In this exercise, write out the data word for word and leave every image out.

- **Available data**
___

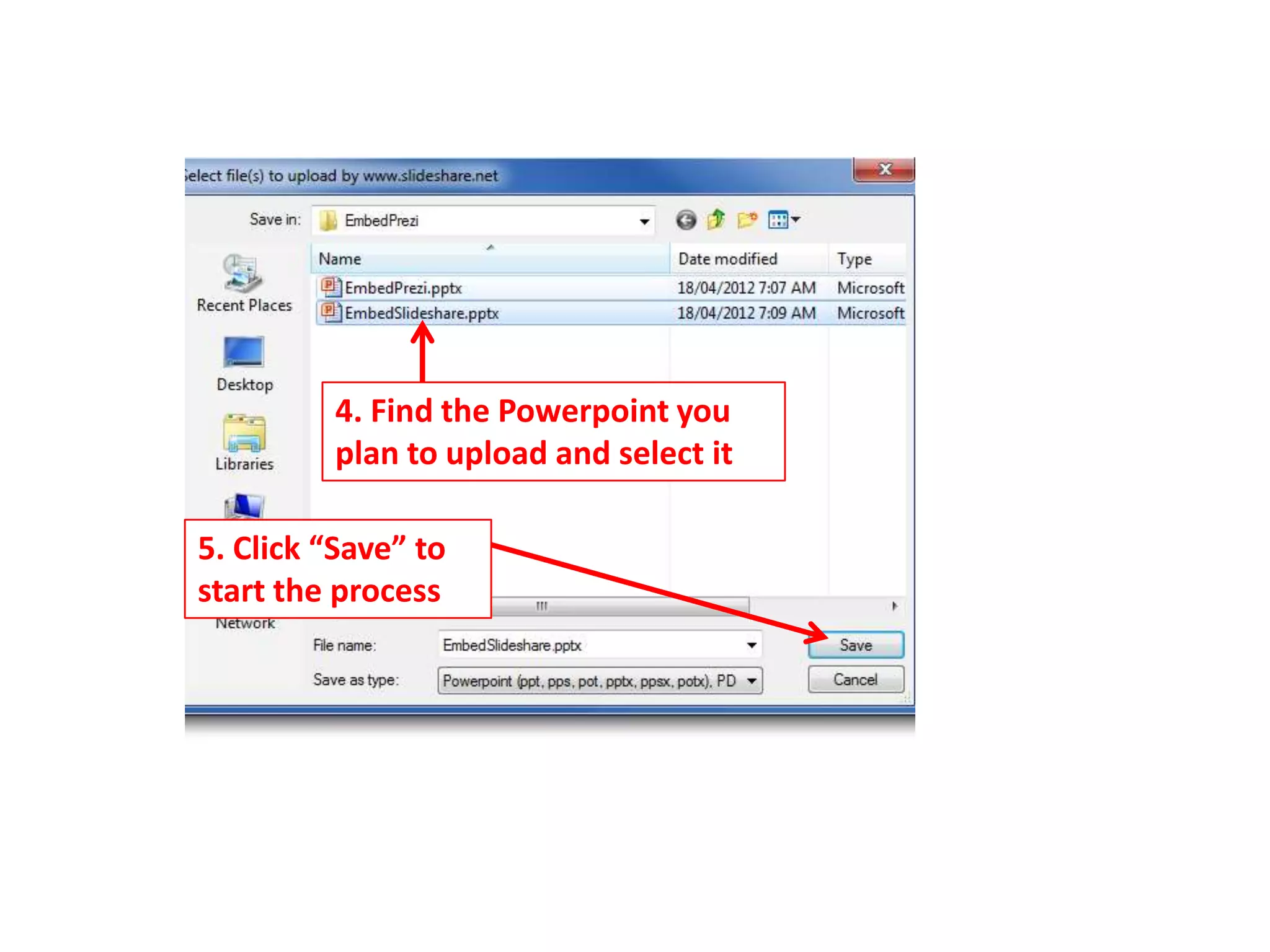 4. Find the Powerpoint you
         plan to upload and select it

5. Click “Save” to
start the process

___

- **Response**
 4. Find the Powerpoint you
         plan to upload and select it

5. Click “Save” to
start the process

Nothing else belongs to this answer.